Your task is to copy the stretch of lines in the records below that begins with the line containing "a kitchen with" and ends with the line containing "Load image into", exactly as written, with nothing added.

Scraped caption text data
=== Begin Enclosure ===

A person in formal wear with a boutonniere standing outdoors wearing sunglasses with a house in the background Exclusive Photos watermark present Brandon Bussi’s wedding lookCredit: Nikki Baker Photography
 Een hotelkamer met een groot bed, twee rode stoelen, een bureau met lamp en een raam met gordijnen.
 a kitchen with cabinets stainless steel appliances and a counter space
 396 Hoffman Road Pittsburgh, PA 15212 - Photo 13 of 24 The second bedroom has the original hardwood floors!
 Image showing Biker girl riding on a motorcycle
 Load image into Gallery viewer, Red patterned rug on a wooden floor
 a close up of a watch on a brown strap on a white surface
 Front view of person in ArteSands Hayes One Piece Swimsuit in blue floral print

=== End Enclosure ===

* **EXERCISE RESULT**
 a kitchen with cabinets stainless steel appliances and a counter space
 396 Hoffman Road Pittsburgh, PA 15212 - Photo 13 of 24 The second bedroom has the original hardwood floors!
 Image showing Biker girl riding on a motorcycle
 Load image into Gallery viewer, Red patterned rug on a wooden floor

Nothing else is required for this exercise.